No puedo, tengo ensayo
Lloviendo, tronando, relampagueando…bajo un sol de justicia (exquisitos y únicos en Bilbao), domingos, fiestas de guardar, alguna que otra navidad…y la misma mirada resuelta. Los pasos resuenan mientras suben con determinación la cuesta que les llevará al local de ensayo. Sabes que el resto de los mortales se ha ido de puente, que ha aprovechado el día para ir a la playa, que hay comilona con los amigos este sábado: se sabe cuándo empezará pero no cuándo acabará. Y aún así, los pies siguen avanzando con determinación hacia el espacio de trabajo, mientras tus labios murmuran decididos el último texto con el que vas a trabajar. Es entonces cuando piensas: «Cualquiera que me vea…» «Cualquiera que me oiga…»
Me permito «robarle» a Borja Ruiz una de las expresiones que utiliza en una de sus últimas columnas, cuando habla de la picadura del escorpión para referirse al «enganchón» que vivimos (¿o debería decir sufrimos?), algunos de los actores y actrices que decimos: «No puedo, tengo ensayo» varias veces a la semana y muchos fines de semana. Para describir esa fiereza que se vislumbra en algunas actitudes, yo solía hablar de «veneno». Solía decir: «Ella o él también están envenenados», refiriéndome a aquella gente que es capaz de renunciar a prácticamente cualquier cosa, por tener un ensayo. Con una fe ciega. Sin cuestionárselo.
La dedicación es tal, o mejor dicho, las ansias de dedicación son tales que se mira con envidia sana a aquellos colectivos que desarrollan su quehacer teatral alejados del mundanal ruido. Utopía, sí, pero realizada en vida. Tal es el caso del Odin Teatret de Eugenio Barba. Ubicados en Holstebro desde 1966, un pueblecito de la Dinamarca profunda (con todos mis respetos para los pueblos de las profundidades). Y una piensa, quizás con cierta inocencia: «Así si, así si que es fácil poder dedicarse a ello en cuerpo y alma. Porque no habrá distracciones, porque no habrá que lidiar con la realidad pura y dura.» Aunque supongo que allá habrán vivido también lo suyo. Y precisamente, además, por el hecho de poder concentrarse y disfrutar a pleno pulmón del arte teatral.

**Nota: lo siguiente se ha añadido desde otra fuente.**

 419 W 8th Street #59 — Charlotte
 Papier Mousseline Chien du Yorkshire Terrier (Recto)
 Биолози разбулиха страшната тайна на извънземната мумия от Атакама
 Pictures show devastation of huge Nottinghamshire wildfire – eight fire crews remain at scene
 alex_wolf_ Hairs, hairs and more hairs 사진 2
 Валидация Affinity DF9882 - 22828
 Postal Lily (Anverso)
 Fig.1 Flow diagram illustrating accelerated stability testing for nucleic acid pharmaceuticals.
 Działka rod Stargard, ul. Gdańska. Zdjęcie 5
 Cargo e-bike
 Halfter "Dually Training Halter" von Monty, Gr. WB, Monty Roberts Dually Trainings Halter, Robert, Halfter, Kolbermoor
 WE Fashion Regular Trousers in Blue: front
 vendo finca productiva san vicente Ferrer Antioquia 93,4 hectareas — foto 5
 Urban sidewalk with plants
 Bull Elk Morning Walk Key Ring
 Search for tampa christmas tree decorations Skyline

Y esto me lleva a cuestionarme lo siguiente: ¿Qué coño hace que a alguien le dé tan fuerte por una actividad como para dejar tirados a amistades, familias, amores y trabajos? ¿Qué se esconde detrás de todo eso? ¿Hay otras disciplinas, además de la teatral, donde suceda que, año tras año y generación tras generación, haya ciertos locos y locas que decidan dedicarse al asunto en cuerpo y alma, independientemente de retribuciones monetarias y demás parafernalia y que se despidan, literalmente, de su familia y amigos antes de entrar en el proceso de preparación final antes de un estreno?
Marjane Satrapi, mujer iraní, nos da su versión en su «Pollo con Ciruelas». Según su explicación literaria, el arte no es más que un instrumento. Lo que hay detrás del tar, de la pluma, de las puntas de ballet, de la precisión de una pirueta y del verso encarnado es el amor. Aunque ni el propio artista lo sepa. «Pollo con Ciruelas». La portada del cómic es violeta, por si alguien la quiere encontrar. Una pista: Ella es la autora de Persépolis.
Cierro con un comentario fuerte de una gran amiga mía que no tiene pelos en la lengua y que se me ha quedado grabado en la cabeza desde que lo oí. A propósito de bodas, bautizos y comuniones, ella me habló de la mezquindad del artista, que es capaz de perderse un encuentro vital importante en la vida de alguien cercano por tener que subirse a un escenario. Ahí queda eso. Seguiría, pero por una vez en mi vida, no tengo ensayo y estoy de post-comida.